Gammarus hyalelloides, the diminutive amphipod is a species of amphipod crustacean in the family Gammaridae. It is endemic to four springs in Jeff Davis County and Reeves County, Texas, and is listed as a vulnerable species on the IUCN Red List.

==Description and ecology==
Gammarus hyalelloides is the smallest freshwater amphipod in North America. Males are 5.8–7.8 mm long, while sexually mature females are 5.0–7.3 mm. They live in beds of Chara at the mouth of Phantom Lake Spring.
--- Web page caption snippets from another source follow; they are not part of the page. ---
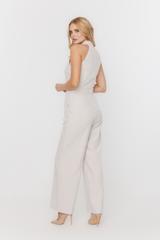 Elegancki beżowy kombinezon ze stójką i szeroką nogawką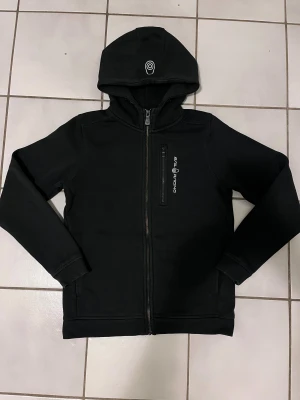 Svart zip hoodie från Sail Racing Bowman strl 160 - Svart zip hoodie från Sail Racing bowman (pojke strl 160) med huva och hel dragkedja framtill. Hoodien har en bröstficka med vertikal dragkedja och Sail Racing-logga tryckt på bröstet. Snygg, stilren design med långa ärmar och ribbade muddar. Perfekt för blåsiga dagar. 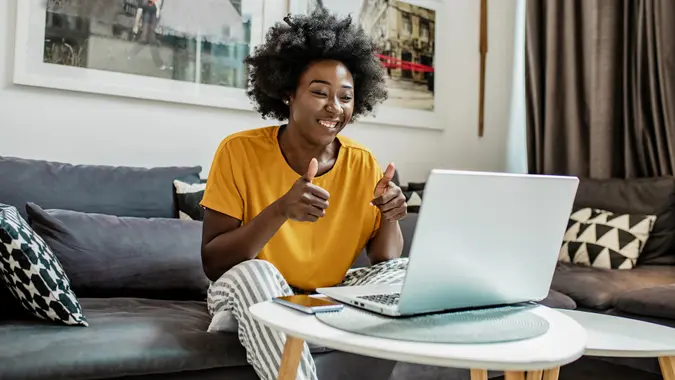 Relaxed African American is working from home stock photo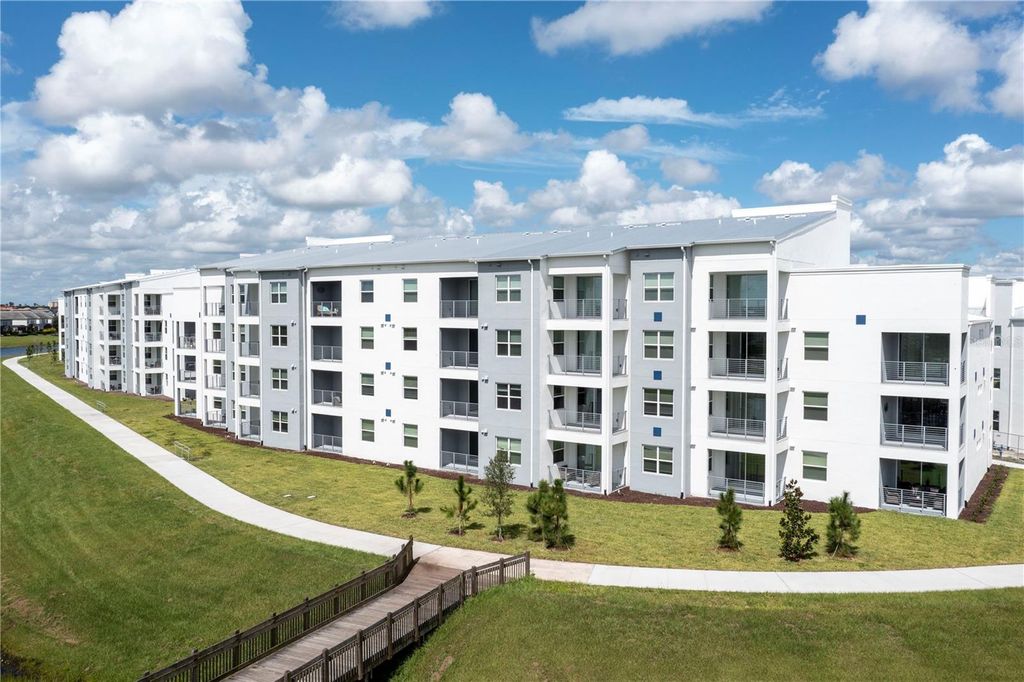 Photo of 3161 Paradox Circle #403, Kissimmee, FL 34746 (MLS # O6387522)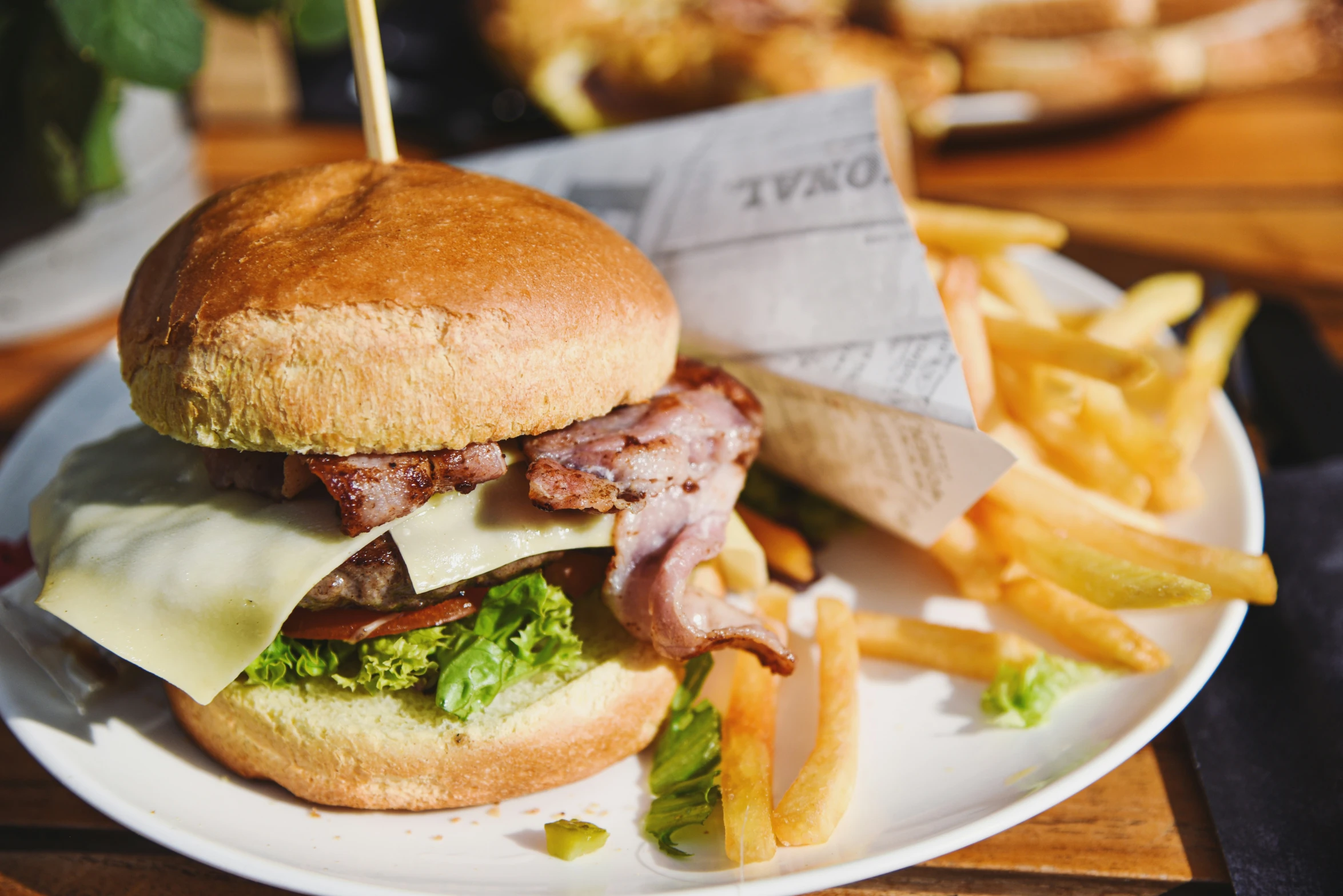 a white plate with a sandwich and fries on it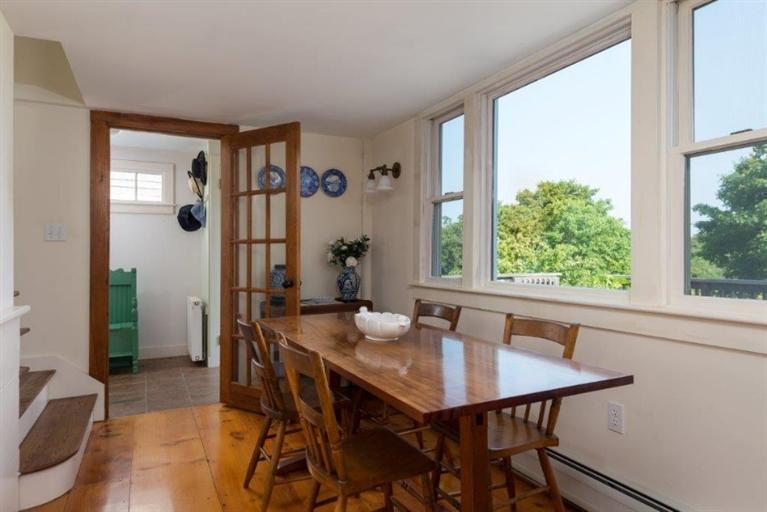 24 Champlain Road Chatham, MA 02633 - Photo 8 of 26 a view of a dining room with furniture window and wooden floor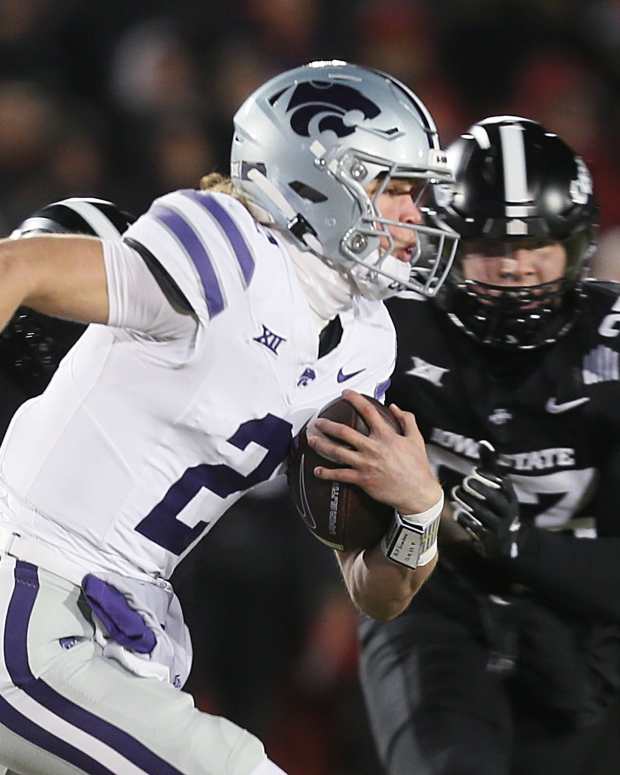 Kansas State Wildcats quarterback Avery Johnson (2) runs with the ball around Iowa State Cyclones linebacker Will McLaughlin (23) during the first quarter in the NCAA football at Jack Trice Stadium on Saturday, Nov. 30, 2024, in Ames, Iowa © Nirmalendu Majumdar/Ames Tribune / USA TODAY NETWORK via Imagn Images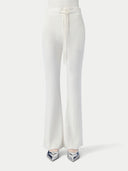 A pair of white drawstring ribbed cotton silk cashmere blend flares with a wide-leg cut, displayed on a model without showing the upper part of the body. #color_whisper-white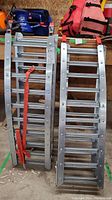 Two Prime brand metal loading ramps standing vertically against a wood wall, with visible red safety straps and metal rung treads.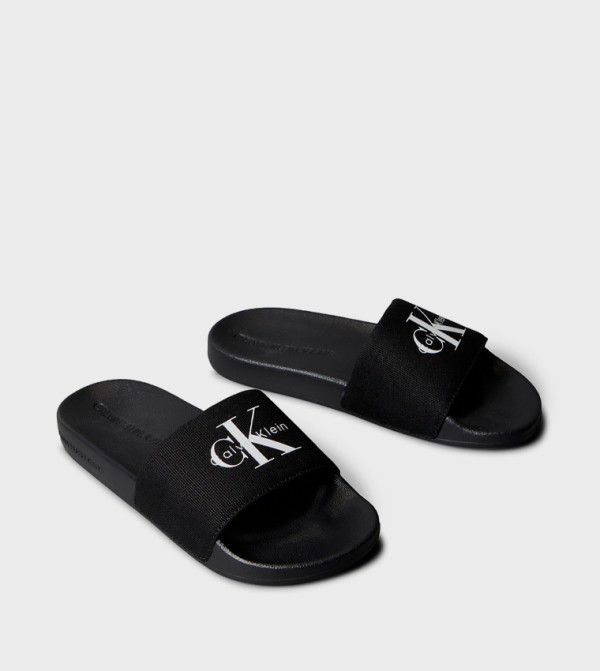 Calvin Klein  Flip flops and Slides - Black Slides
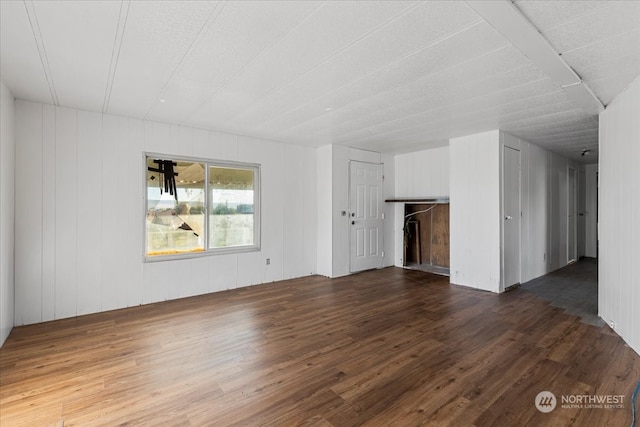 unfurnished living room with dark hardwood / wood-style floors and wood walls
Gammarus hyalelloides makes up more than 70% of the diet of Gambusia nobilis in the Phantom Lake Spring refuge in Jeff Davis County, Texas. Other biota found in the Phantom Lake Spring include the snails Pyrgulopsis texana and Lyrodes cheatumi. The absence of Hyalella azteca may have allowed speciation to take place in the genus Gammarus, with one species entering the vacant niche, and reducing in size to become G. hyalelloides.

==Taxonomic history==
The first collections of G. hyalelloides were made in 1967 at the Phantom Lake Spring. The amphipods were originally thought to be the common and widespread Hyalella azteca, but were later recognized as a new and distinct species of Gammarus.

The type specimens were deposited in the United States National Museum (holotype male: USNM 151957; paratype female: USNM 151958). Further paratype series were deposited at the same museum, and at the National Museum of Canada.

G. hyalelloides is part of the Gammarus pecos species complex, alongside Gammarus pecos and Gammarus desperatus; all three species are restricted to the Pecos River basin of Texas and New Mexico.